EXTRACTED RECORDS START
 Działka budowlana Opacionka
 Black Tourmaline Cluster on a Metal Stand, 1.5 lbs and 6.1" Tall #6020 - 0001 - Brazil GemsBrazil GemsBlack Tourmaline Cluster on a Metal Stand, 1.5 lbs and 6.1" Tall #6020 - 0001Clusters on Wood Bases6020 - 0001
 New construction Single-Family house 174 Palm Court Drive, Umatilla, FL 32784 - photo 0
EXTRACTED RECORDS END
EXTRACTED RECORDS START
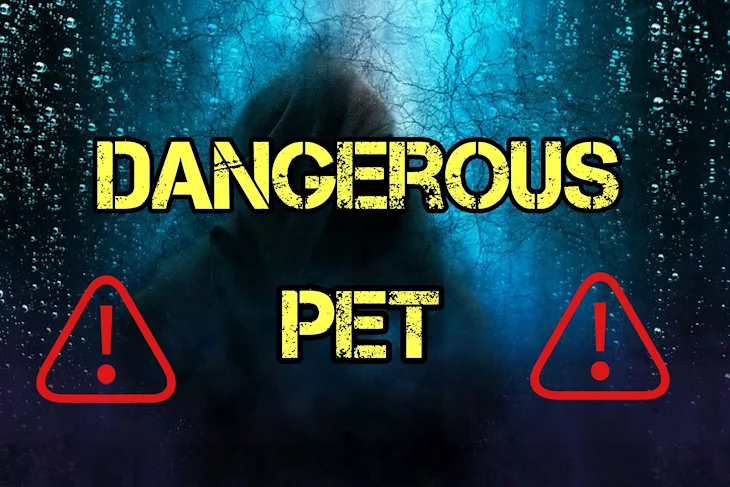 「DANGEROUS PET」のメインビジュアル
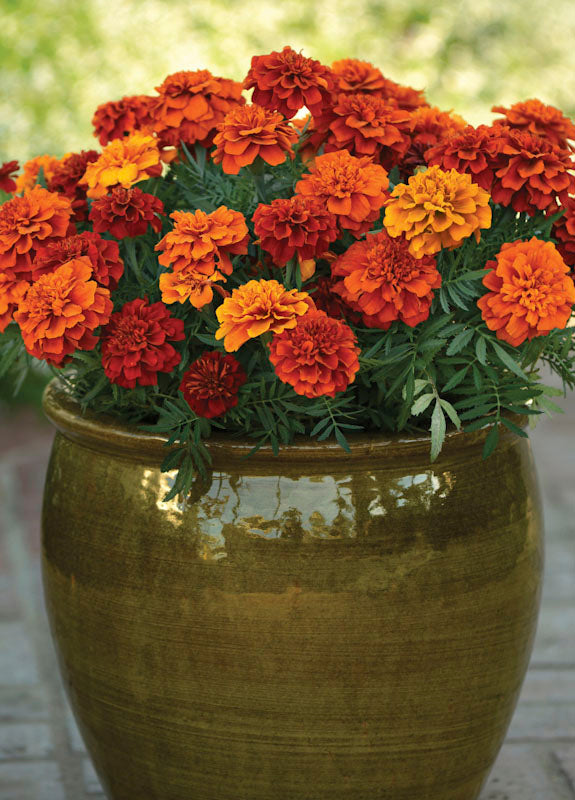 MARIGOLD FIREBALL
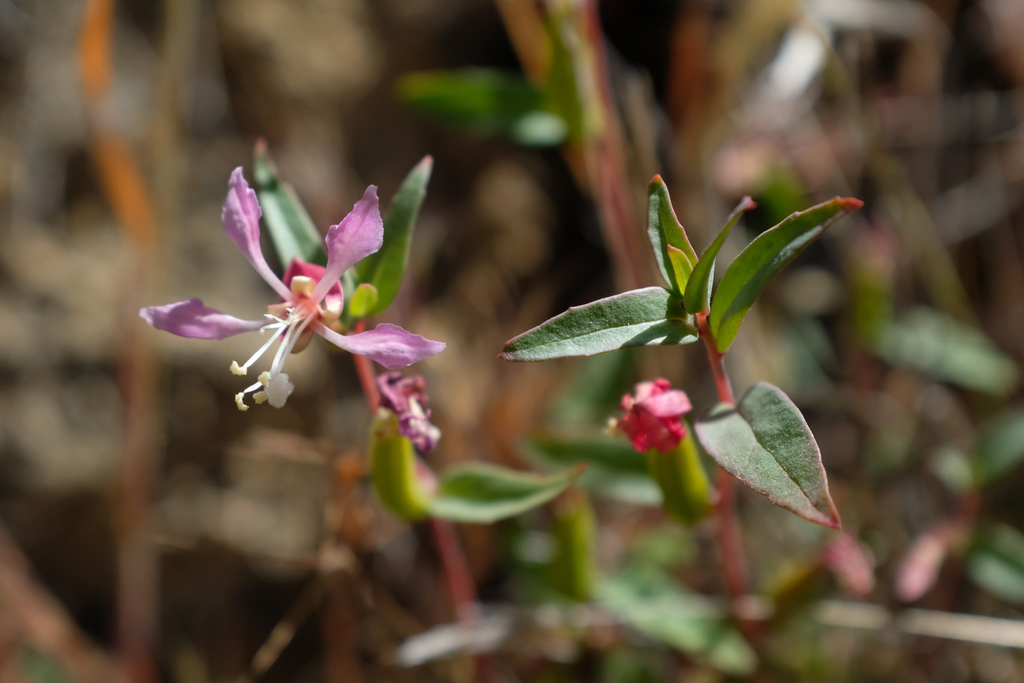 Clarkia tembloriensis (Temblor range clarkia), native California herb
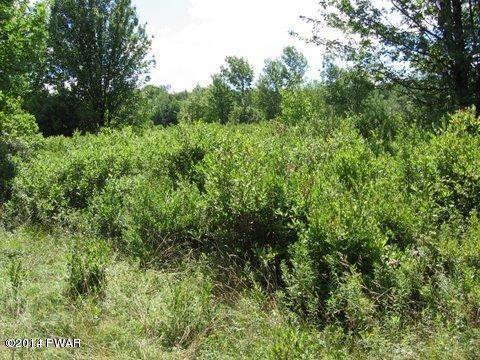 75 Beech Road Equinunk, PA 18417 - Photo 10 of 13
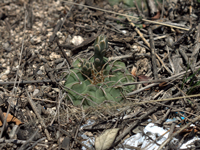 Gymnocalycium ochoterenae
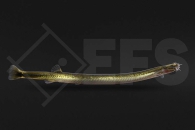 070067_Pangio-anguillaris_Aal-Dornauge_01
EXTRACTED RECORDS END
WHAT THE TASK REQUIRES: Start with the line above that contains "Bases6020 - 0001" and stop after the line that contains "New construction Single-Family". Output those lines exactly, and only those.

WRITTEN ANSWER:
 Black Tourmaline Cluster on a Metal Stand, 1.5 lbs and 6.1" Tall #6020 - 0001 - Brazil GemsBrazil GemsBlack Tourmaline Cluster on a Metal Stand, 1.5 lbs and 6.1" Tall #6020 - 0001Clusters on Wood Bases6020 - 0001
 New construction Single-Family house 174 Palm Court Drive, Umatilla, FL 32784 - photo 0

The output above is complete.